Task to carry out –
Only some lines are wanted. Transcribe, exactly, the lines below from the line with "Sterling Silver Baltic" up to and including the line with "Buy Shivani Singh".

Source material –
------------------------
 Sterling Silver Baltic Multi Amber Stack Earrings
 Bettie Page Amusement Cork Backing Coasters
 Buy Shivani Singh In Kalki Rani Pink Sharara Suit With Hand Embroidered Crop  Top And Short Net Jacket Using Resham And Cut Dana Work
------------------------
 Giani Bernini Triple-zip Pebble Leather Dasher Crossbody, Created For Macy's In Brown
------------------------
Answer –
 Sterling Silver Baltic Multi Amber Stack Earrings
 Bettie Page Amusement Cork Backing Coasters
 Buy Shivani Singh In Kalki Rani Pink Sharara Suit With Hand Embroidered Crop  Top And Short Net Jacket Using Resham And Cut Dana Work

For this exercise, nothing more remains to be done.